**AVAILABLE DATA:**
---
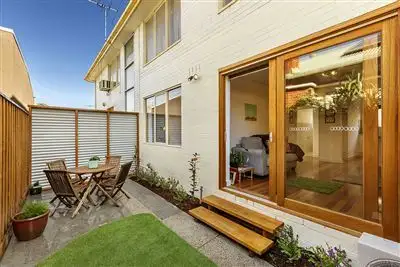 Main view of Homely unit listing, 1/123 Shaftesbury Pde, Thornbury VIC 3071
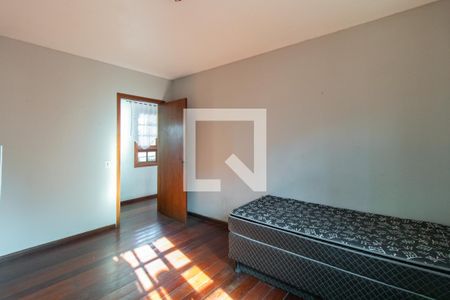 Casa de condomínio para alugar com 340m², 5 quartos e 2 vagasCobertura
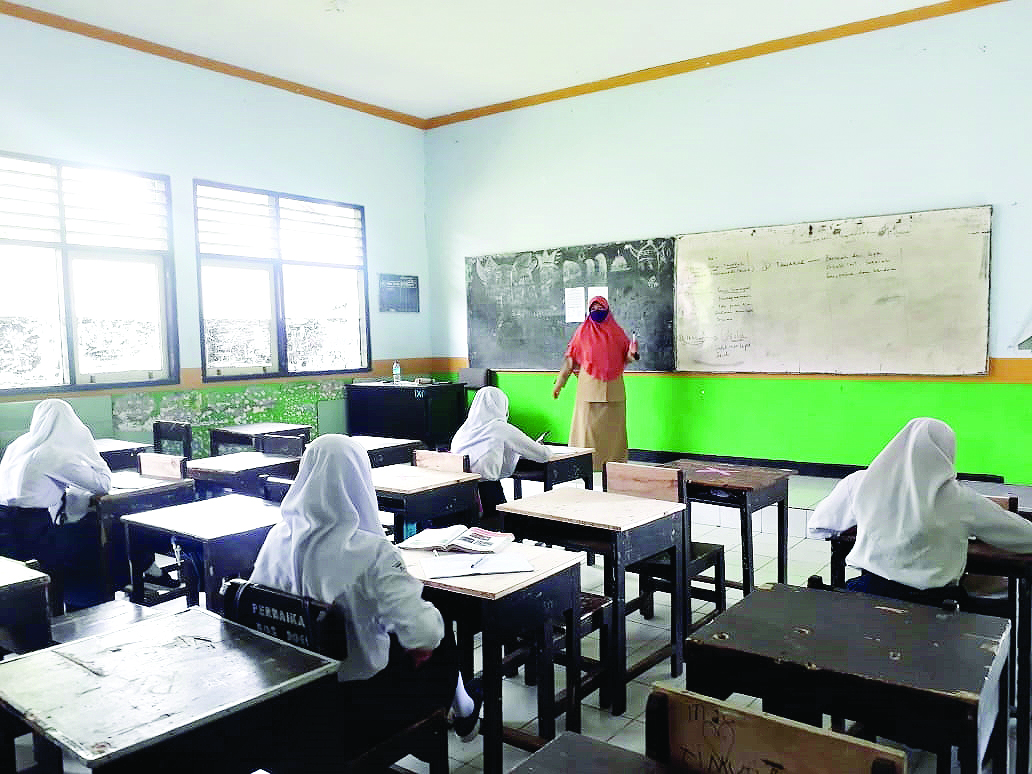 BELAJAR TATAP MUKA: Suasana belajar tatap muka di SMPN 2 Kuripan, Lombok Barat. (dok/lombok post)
---
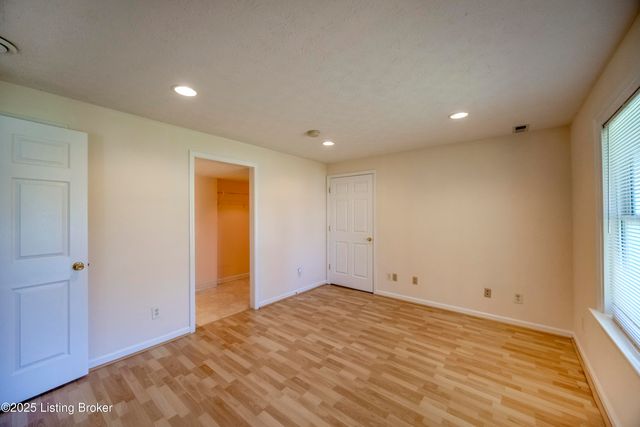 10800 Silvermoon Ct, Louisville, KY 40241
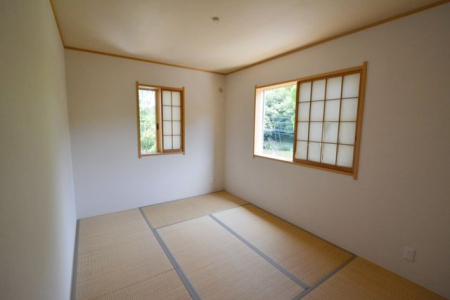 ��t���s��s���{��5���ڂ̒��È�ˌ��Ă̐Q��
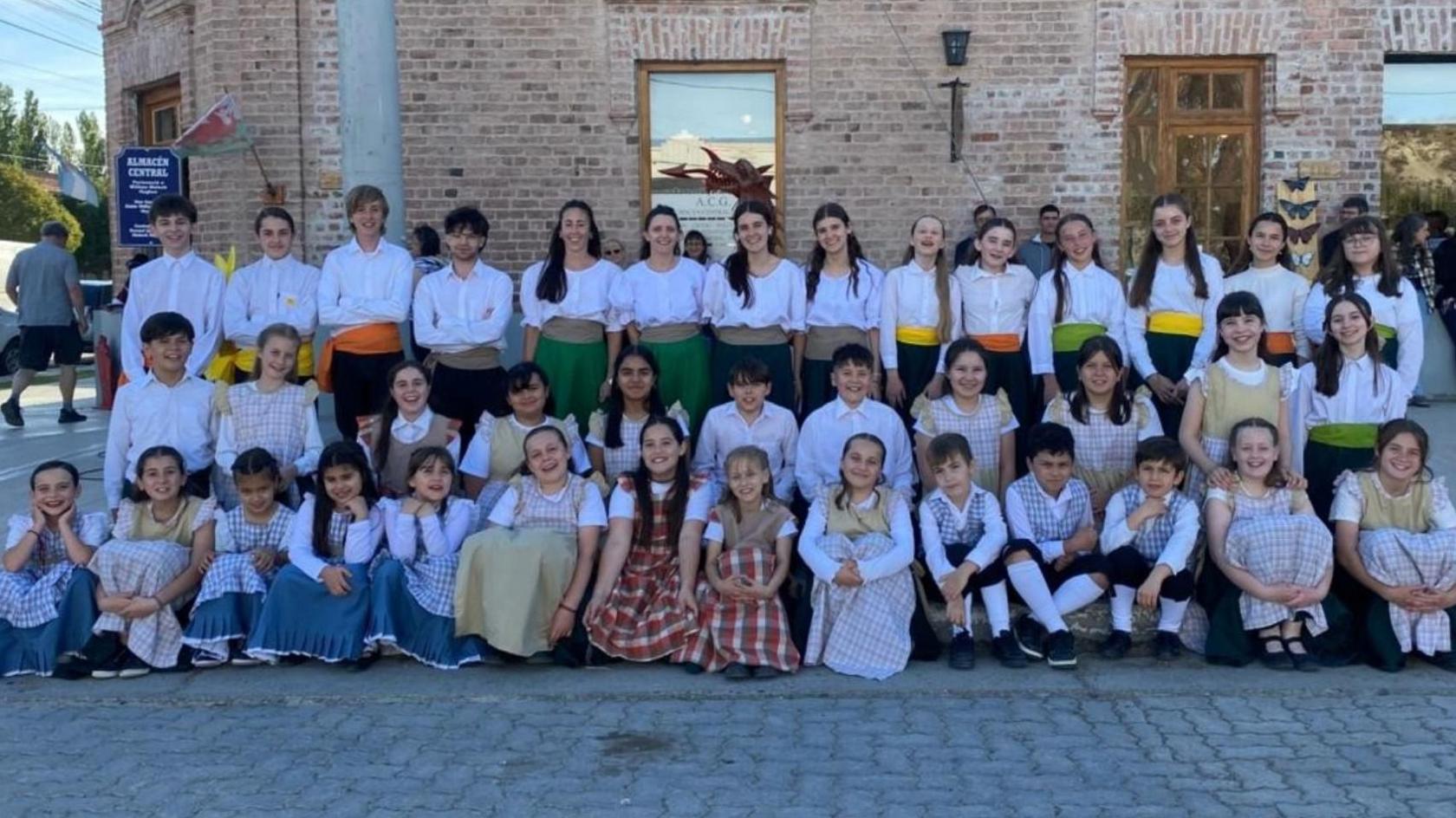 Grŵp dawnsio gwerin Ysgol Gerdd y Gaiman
---
**THE PROBLEM:**
Among the lines above, the one with "10800 Silvermoon Ct, Louisville, KY 40241" opens the part to repeat and the one with "Grŵp dawnsio gwerin Ysgol Gerdd y Gaiman" closes it; repeat only that part exactly, with no pictures.

**OUTPUT:**
 10800 Silvermoon Ct, Louisville, KY 40241
 ��t���s��s���{��5���ڂ̒��È�ˌ��Ă̐Q��
 Grŵp dawnsio gwerin Ysgol Gerdd y Gaiman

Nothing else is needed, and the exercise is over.